Ailedeki en büyük elemanın mafya olduğunu öğrendikten sonra her şey daha korkunç bir hâl almıştı. Hele de benim gibi paranoyayı hayatının merkezine koymuş birisi için şu an her şey bomboktu.

Şimdi ise bu ruh hastalarının iletişimden en sakin olarak seçtiğim T harfinin milli boksör olduğunu öğrenmiştim. Hem de az önce turuncu bir veletten öğrendiğim kadarıyla öfkesini kontrol etmek için gittiğini...

İçimdeki ses susmuyordu, bana öyle şeyler söylüyordu ki neredeyse adını felaket tellalı koyacaktım.

Garip olan olay ise bunca düşüncemin ardından sorduğum tek sorunun "Dövüşebiliyor musun?" olmasıydı...

Önce benimkilere çok yakın tondaki ela gözleri kocaman açılmış, bana şaşkınlıkla bakmıştı. Sonra ise beni onaylayarak cevabını vermişti.

Hiç kimseye başka bir şey demeden kendime soğuk bir su doldurmuş, içtikten sonra ise yine ve yine evden koşarak çıkmıştım.

Ağzıma ilk başta yediğim krep dışında tek lokma atmamıştım çünkü içimdeki ses sağ olsun zehirlenmekten korkmuştum.

Kaan beni sevmesine rağmen bu huyumun itici olduğunu ve kimsenin beni zehirlemekle uğraşmak istemeyeceğini söylemişti.

Ben insanlara güvenmezdim, güvenmezdim. Benden habersiz velayetimi alan mafyaya sırtımı rahatça yaslayamazdım mesela. Daha onları tanıyalı ne kadar olmuştu ki?

Hep tek tabancaydım.
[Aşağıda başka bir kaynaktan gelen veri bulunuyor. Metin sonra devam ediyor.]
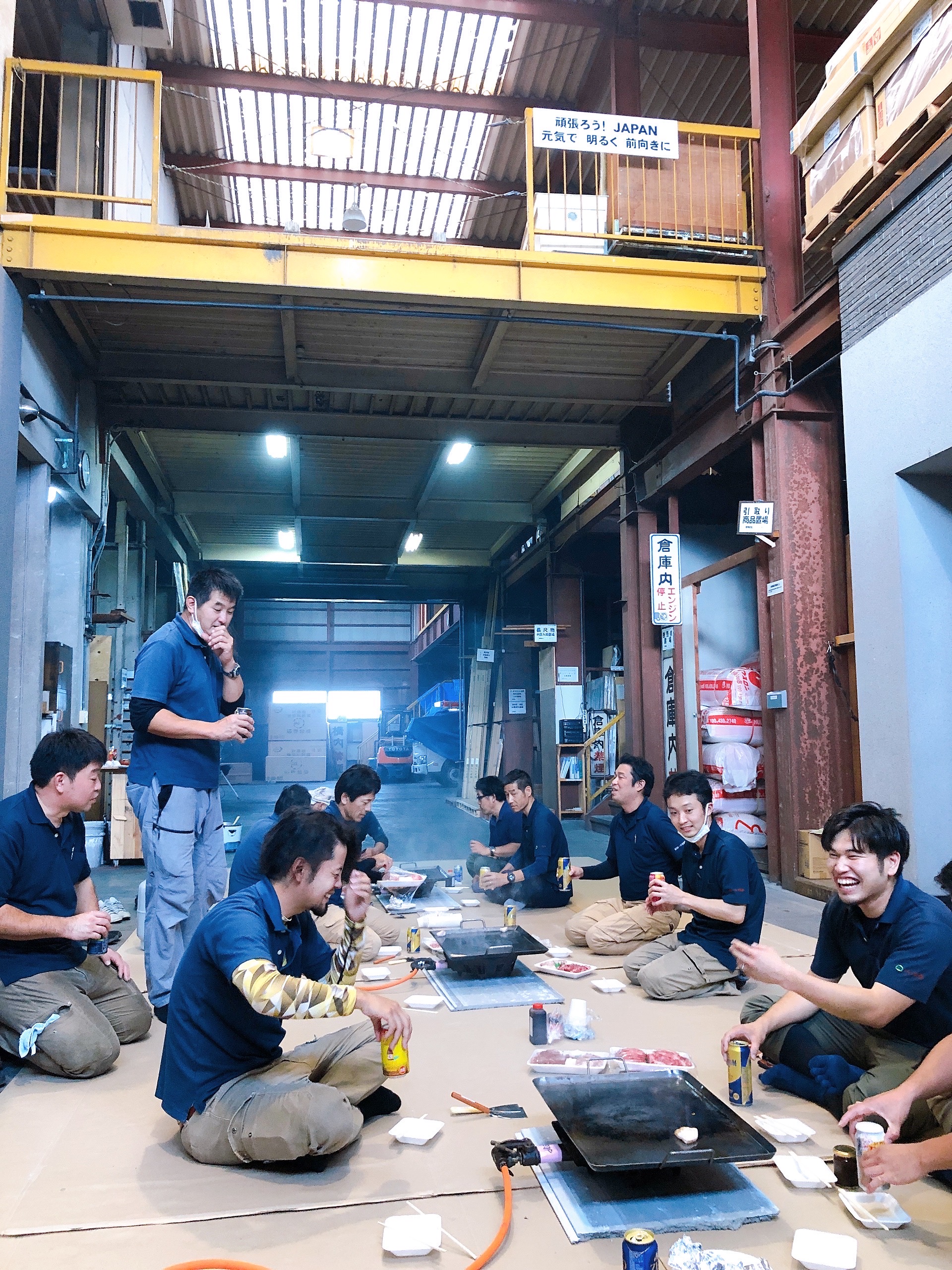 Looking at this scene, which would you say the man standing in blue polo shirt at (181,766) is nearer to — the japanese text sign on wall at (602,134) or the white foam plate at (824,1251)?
the white foam plate at (824,1251)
Bir Ümit vardı beni güvenle dolup taşıran bir de iki arkadaşım. Benden onlara hemencecik alışmamı ve uyum sağlamamı bekleyemezlerdi.

"Ama anlamalıydım ben, adam sabah kahvaltıda testesteron içiyor gibiydi. Abisinden daha büyük gösteriyor valla." Hakan elindeki çayı aile babası gibi höpürdeterek içmeden önce bunları söylemişti.
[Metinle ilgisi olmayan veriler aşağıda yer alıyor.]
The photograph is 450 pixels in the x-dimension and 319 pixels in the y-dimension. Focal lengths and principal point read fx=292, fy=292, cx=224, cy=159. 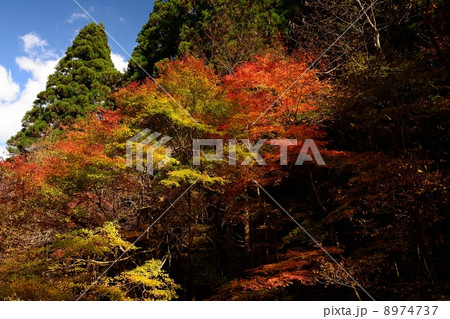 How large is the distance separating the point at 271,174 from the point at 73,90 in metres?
13.5

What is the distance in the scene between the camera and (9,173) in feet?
42.2

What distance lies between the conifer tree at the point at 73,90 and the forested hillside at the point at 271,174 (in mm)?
2276

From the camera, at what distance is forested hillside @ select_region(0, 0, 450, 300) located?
5922 mm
Kafama vurdum. Ümit kafamı öptü. Kendi kendime zarar vermeme bile tahammül edemiyordu. "Ya sen onu bunu geç ben bunu nasıl anlamadım?"

Hakan bana onay verir gibi başını salladığında Kaan ortaya bisküvileri getirdi. Ümit'in tüm dikkati bendeydi.
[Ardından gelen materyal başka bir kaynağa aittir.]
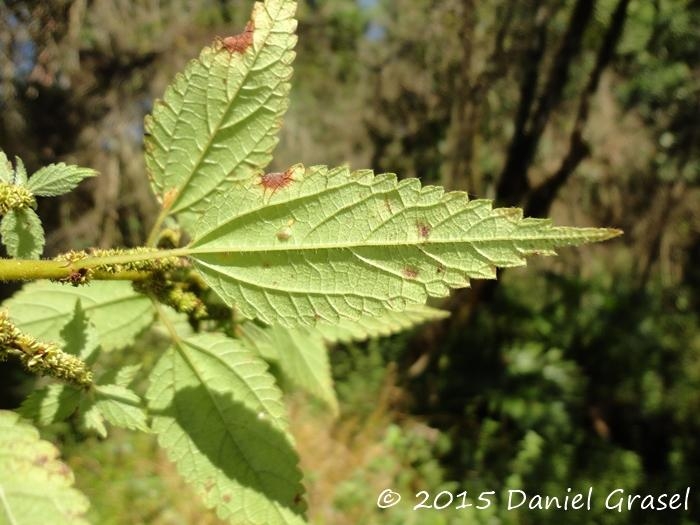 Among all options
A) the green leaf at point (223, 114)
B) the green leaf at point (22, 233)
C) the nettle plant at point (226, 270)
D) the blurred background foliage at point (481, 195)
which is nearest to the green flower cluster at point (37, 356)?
the nettle plant at point (226, 270)

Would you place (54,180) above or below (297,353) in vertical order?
→ above

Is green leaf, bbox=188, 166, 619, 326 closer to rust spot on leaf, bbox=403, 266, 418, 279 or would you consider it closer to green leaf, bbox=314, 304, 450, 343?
rust spot on leaf, bbox=403, 266, 418, 279

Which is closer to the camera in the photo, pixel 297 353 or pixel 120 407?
pixel 120 407

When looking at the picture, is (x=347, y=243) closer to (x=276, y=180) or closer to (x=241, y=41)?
(x=276, y=180)

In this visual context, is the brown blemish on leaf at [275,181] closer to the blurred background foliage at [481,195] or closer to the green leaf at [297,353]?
the green leaf at [297,353]

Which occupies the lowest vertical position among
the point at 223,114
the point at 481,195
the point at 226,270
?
the point at 481,195

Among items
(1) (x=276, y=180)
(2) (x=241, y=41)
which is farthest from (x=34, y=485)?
(2) (x=241, y=41) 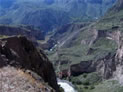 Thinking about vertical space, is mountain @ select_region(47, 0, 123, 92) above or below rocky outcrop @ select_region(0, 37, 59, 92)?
below

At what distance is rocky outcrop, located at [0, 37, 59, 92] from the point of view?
23134 millimetres

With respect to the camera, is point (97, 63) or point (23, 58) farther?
point (97, 63)

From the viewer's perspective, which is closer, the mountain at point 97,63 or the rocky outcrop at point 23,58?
the rocky outcrop at point 23,58

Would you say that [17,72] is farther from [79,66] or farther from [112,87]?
[79,66]

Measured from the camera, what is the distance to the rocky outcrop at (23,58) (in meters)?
23.1

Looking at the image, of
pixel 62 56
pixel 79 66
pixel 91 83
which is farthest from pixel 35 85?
pixel 62 56

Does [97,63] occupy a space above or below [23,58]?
below

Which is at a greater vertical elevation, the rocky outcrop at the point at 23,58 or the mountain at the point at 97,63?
the rocky outcrop at the point at 23,58

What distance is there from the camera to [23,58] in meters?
27.1

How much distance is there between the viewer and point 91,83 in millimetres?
77375

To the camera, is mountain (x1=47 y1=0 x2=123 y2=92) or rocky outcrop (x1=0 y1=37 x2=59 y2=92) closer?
rocky outcrop (x1=0 y1=37 x2=59 y2=92)

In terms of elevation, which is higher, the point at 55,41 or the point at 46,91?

"Tomi," dedi Kaan huzursuz bir sesle. "ben senin için endişeleniyorum lan." Ümit'in bana aldığı kağıt helvayı dökmeden yemeye çalışırken, "Bir zahmet," dedim boğuk bir sesle.

"Tayland diyorsun bir de, kaç gün kalacaksınız? Hadi burada bir şey olsa koş gel yanımıza ama Tayland..." Ümit'in burnundan sert bir nefes verdiğini duydum. "Kaan," dedi dişlerinin arasından. "Kız zaten panik, harlama sen de."